To use UTF-8, you have to convert the string to UTF-16 using MultiByteToWideChar, call the "W" version of the function, and call WideCharToMultiByte on the output. This is essentially what the "A" functions actually do, which makes me wonder why Windows doesn't just support UTF-8.
This inability to support the most common character encoding makes the "A" version of the Windows API useless. Therefore, you should always use the "W" functions.
Update: As of Windows 10 build 1903 (May 2019 update), UTF-8 is now supported as an "ANSI" code page. Thus, my original (2010) recommendation to always use "W" functions no longer applies, unless you need to support old versions of Windows. See UTF-8 Everywhere for text-handling advice.
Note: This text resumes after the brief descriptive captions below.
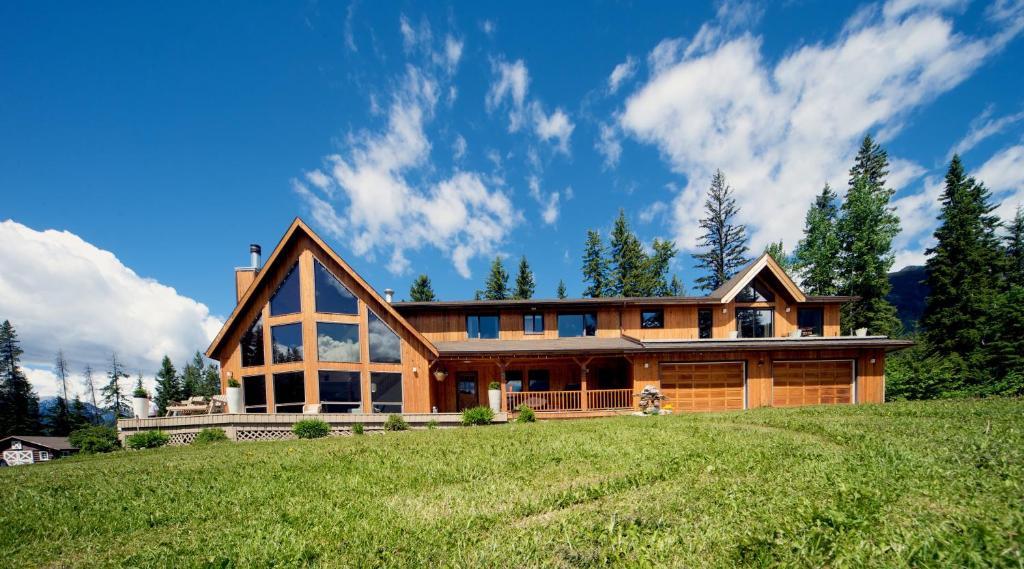 Home Lodge Golden Exteriör bild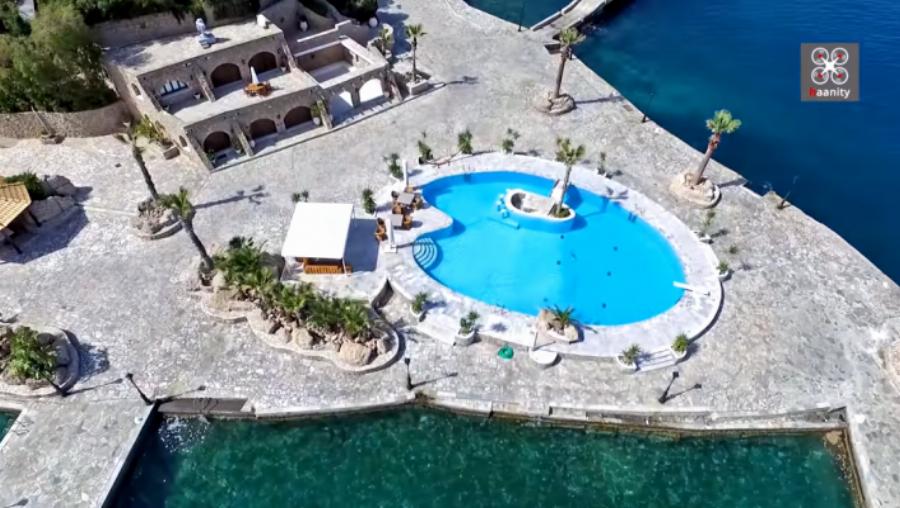 Η Ελληνική Ριβιέρα: Ο παράδεισος των επωνύμων δίπλα στην Αθήνα με τις ακριβότερες βίλες στην Ελλάδα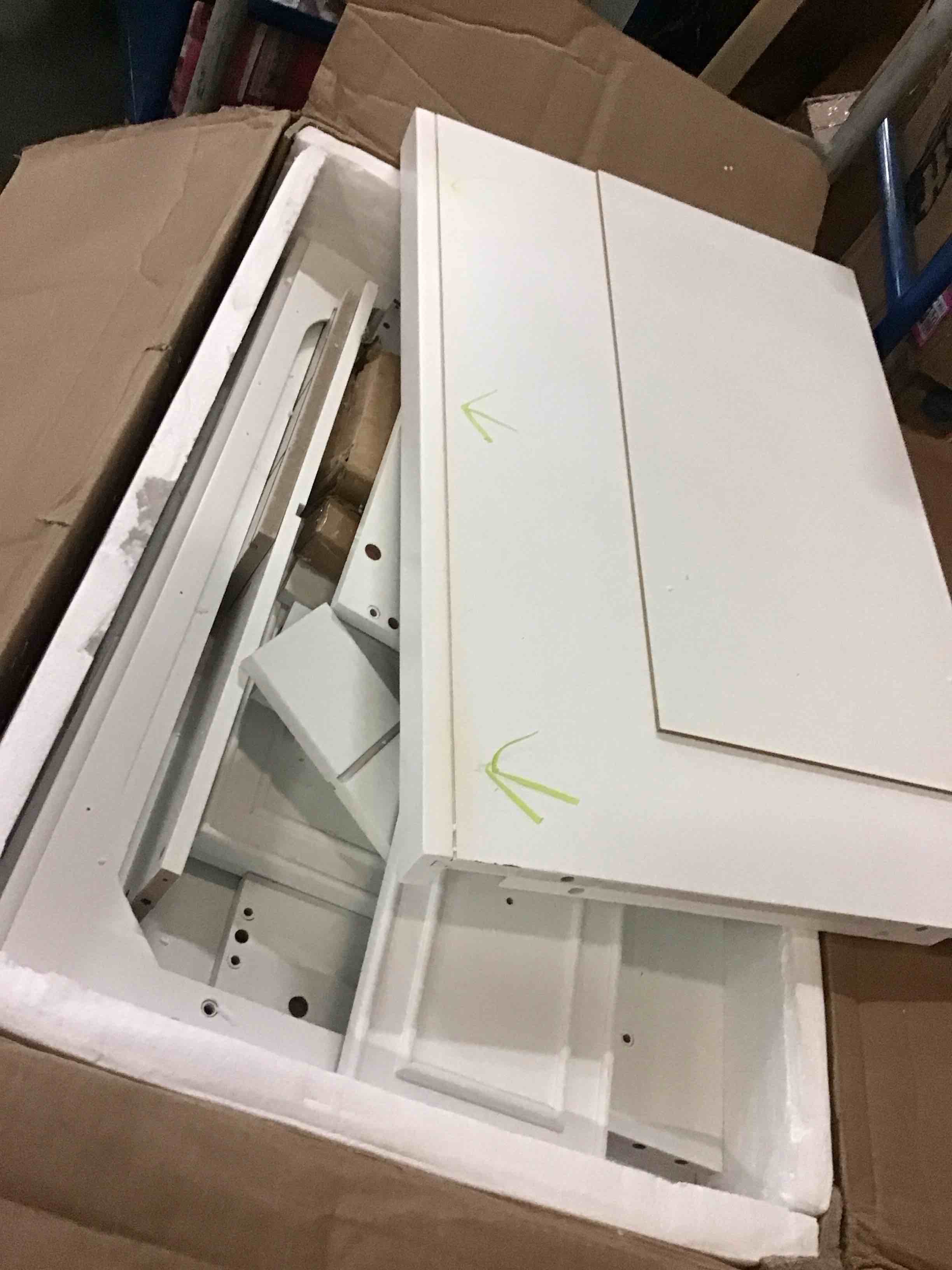 https://s3.amazonaws.com/lotting-images-prod/bidfta/PPE2104117_1752149769841.jpeg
Unicode is a 16-bit character encoding
This negates whatever I read about the
Unicode.
MSDN is wrong. Unicode is a 21-bit coded character set that has several encodings, the most common being UTF-8, UTF-16, and UTF-32. (There are other Unicode encodings as well, such as GB18030, UTF-7, and UTF-EBCDIC.)
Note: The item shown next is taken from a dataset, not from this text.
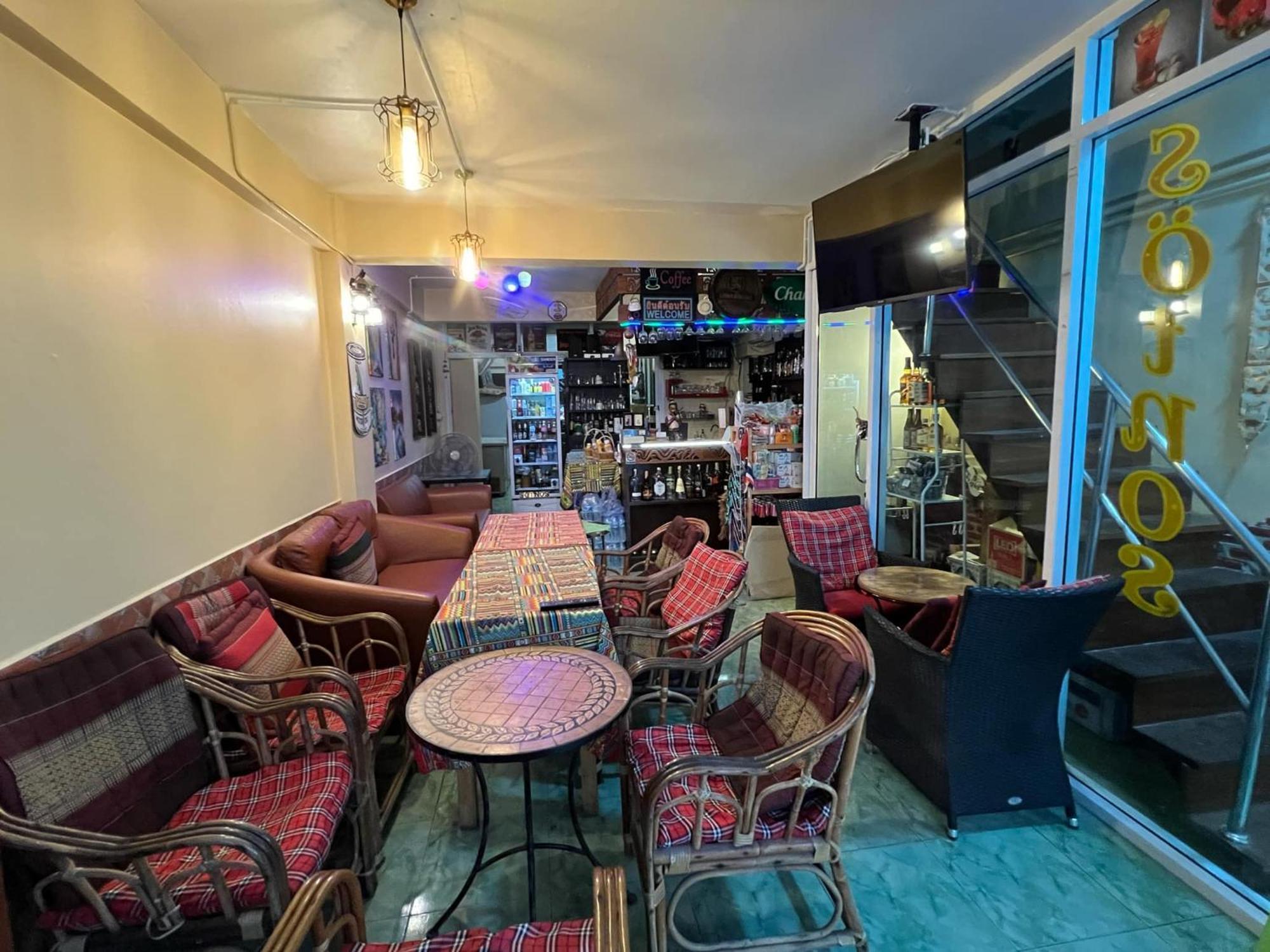 Soetnos Hotel Pantai Jomtien Luaran gambar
Whenever Microsoft refers to "Unicode", they really mean UTF-16 (or UCS-2). This is for historical reasons. Windows NT was an early adopter of Unicode, back when 16 bits was thought to be enough for everyone, and UTF-8 was only used on Plan 9. So UCS-2 was Unicode.
_MBCS and _UNICODE are macros to determine which version of TCHAR.H routines to call. For example, if you use _tcsclen to count the length of a string, the preprocessor would map _tcsclen to different version according to the two macros: _MBCS and _UNICODE.
_UNICODE & _MBCS Not Defined: strlen
_MBCS Defined: _mbslen
_UNICODE Defined: wcslen
To explain the difference of these string length counting functions, consider following example.
If you have a computer box that run Windows Simplified Chinese edition which use GBK(936 code page), you compile a gbk-file-encoded source file and run it.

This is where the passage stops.